→ **Work to complete**
Reproduce word for word every line from the one containing "The Intergenerational Choir" to the final line of the data below; omit the pictures.

→ **Data below**
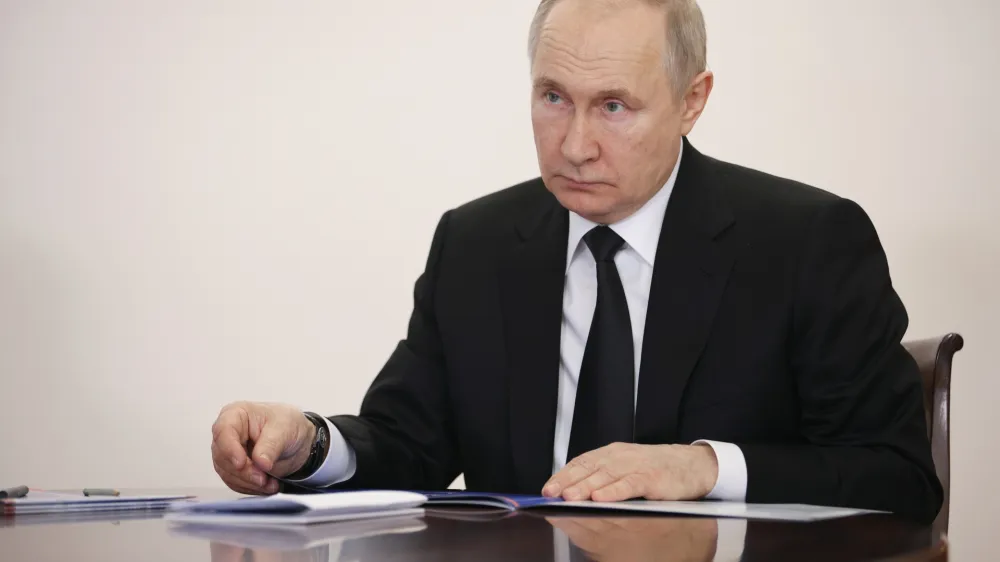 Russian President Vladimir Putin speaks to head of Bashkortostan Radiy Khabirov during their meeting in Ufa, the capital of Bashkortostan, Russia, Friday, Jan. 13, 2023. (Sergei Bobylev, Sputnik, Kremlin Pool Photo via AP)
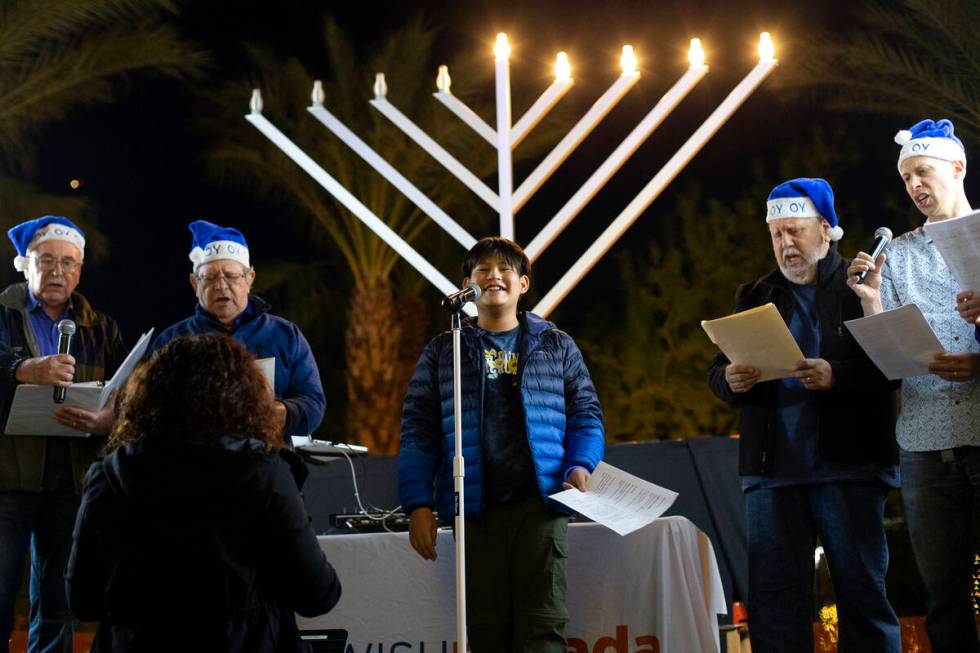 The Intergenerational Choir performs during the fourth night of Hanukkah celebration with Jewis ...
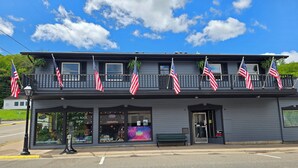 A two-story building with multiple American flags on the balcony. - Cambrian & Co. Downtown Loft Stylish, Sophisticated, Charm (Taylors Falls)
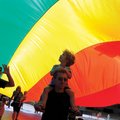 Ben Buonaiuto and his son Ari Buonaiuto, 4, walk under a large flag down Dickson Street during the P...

→ **Response to this task**
 The Intergenerational Choir performs during the fourth night of Hanukkah celebration with Jewis ...
 A two-story building with multiple American flags on the balcony. - Cambrian & Co. Downtown Loft Stylish, Sophisticated, Charm (Taylors Falls)
 Ben Buonaiuto and his son Ari Buonaiuto, 4, walk under a large flag down Dickson Street during the P...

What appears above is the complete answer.